• [TASK PROMPT]
Print every record exactly, but leave out the pictures.

= = = = =

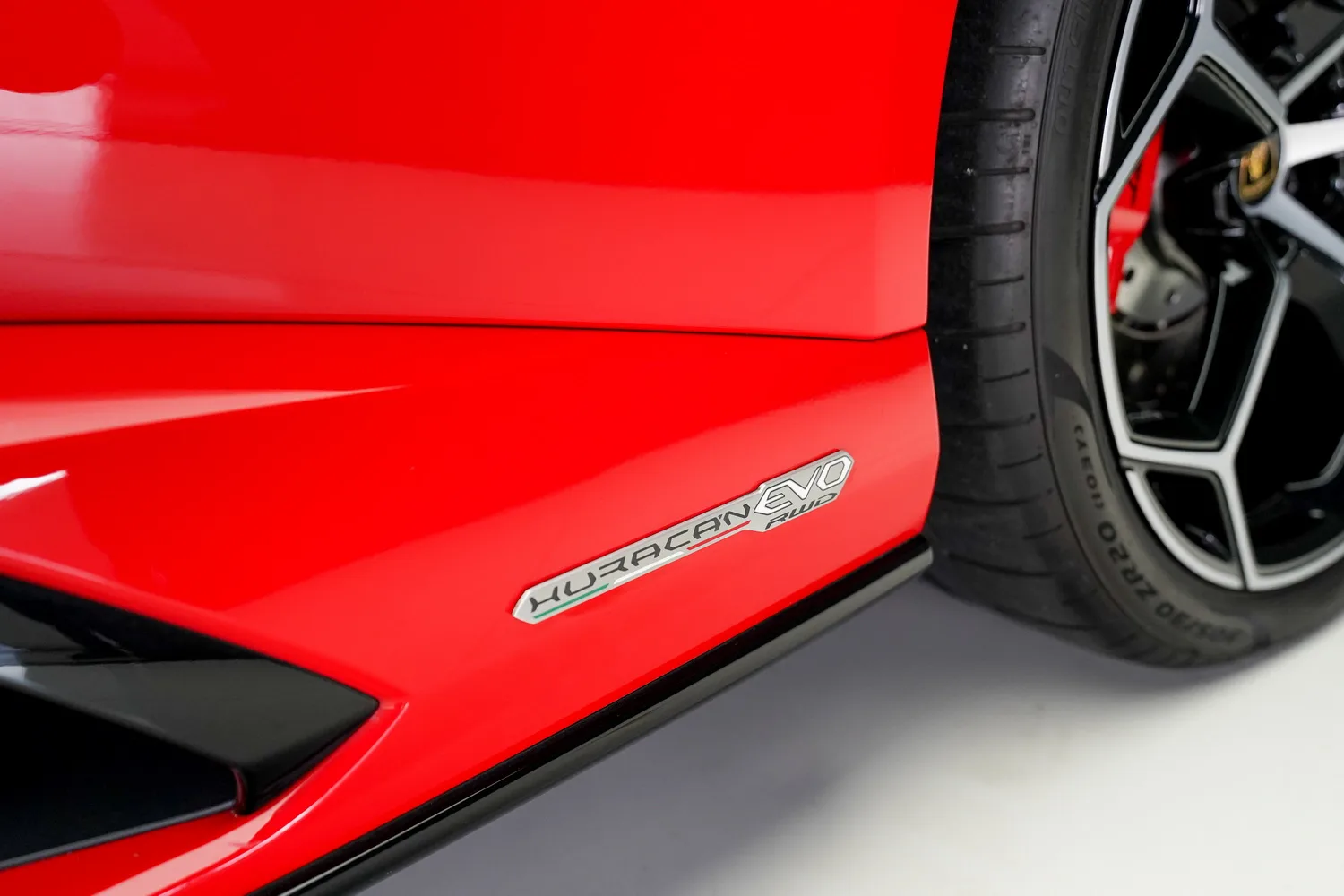 2022 Lamborghini Huracán EVO Spyder, 8/13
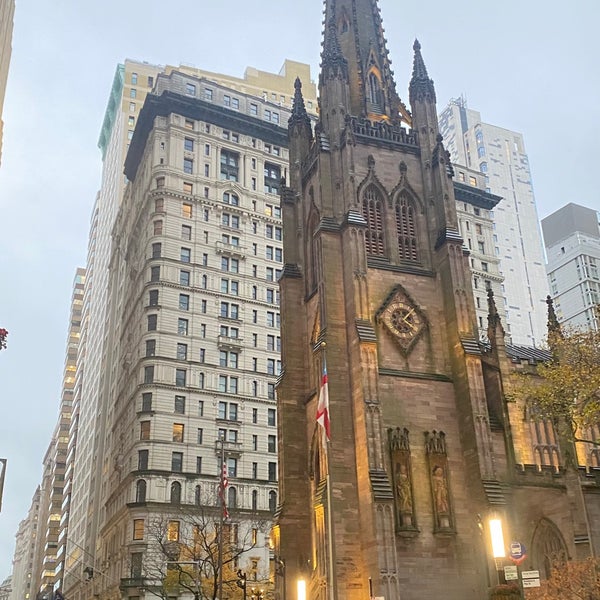 รูปภาพถ่ายที่ Trinity Church โดย Natalia V. เมื่อ 11/21/2023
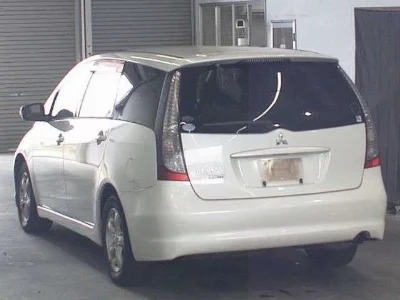 Mitsubishi Grandis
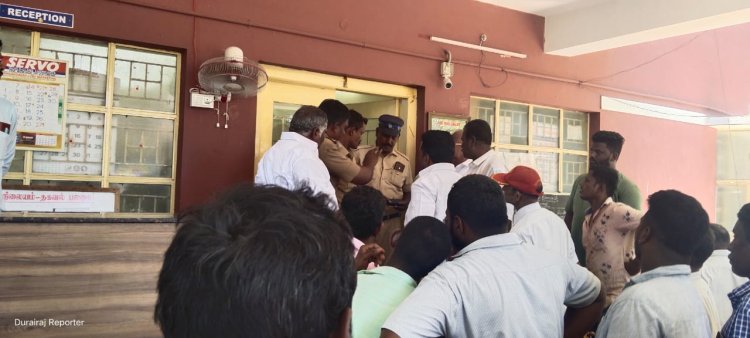 விதிகளை பின்பற்றாத டாஸ்மாக் பாருக்கு தீ....! காவல் நிலையத்தை முற்றுகையிட்ட மக்கள்!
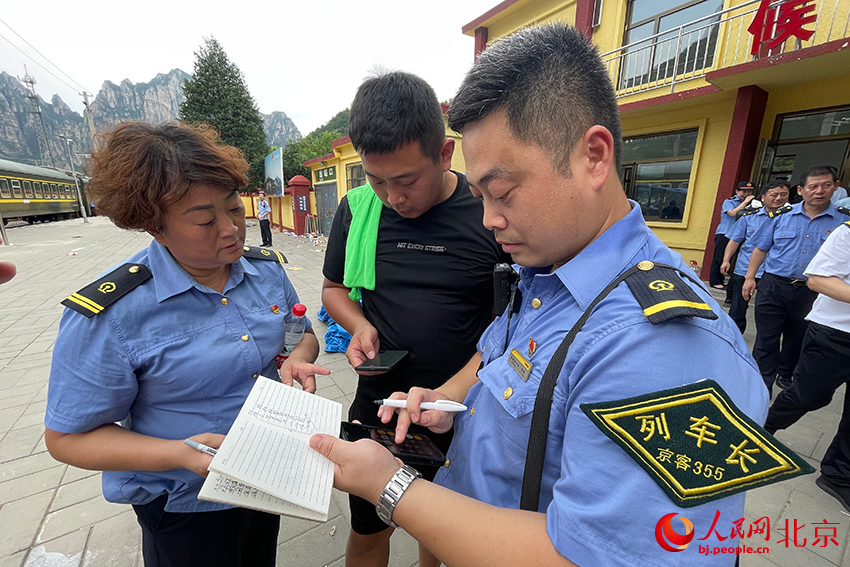 列车员和属地工作人员在站台再次确认有无遗漏群众。人民网记者 尹星云摄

= = = = =

• [RESULT]
 2022 Lamborghini Huracán EVO Spyder, 8/13
 รูปภาพถ่ายที่ Trinity Church โดย Natalia V. เมื่อ 11/21/2023
 Mitsubishi Grandis
 விதிகளை பின்பற்றாத டாஸ்மாக் பாருக்கு தீ....! காவல் நிலையத்தை முற்றுகையிட்ட மக்கள்!
 列车员和属地工作人员在站台再次确认有无遗漏群众。人民网记者 尹星云摄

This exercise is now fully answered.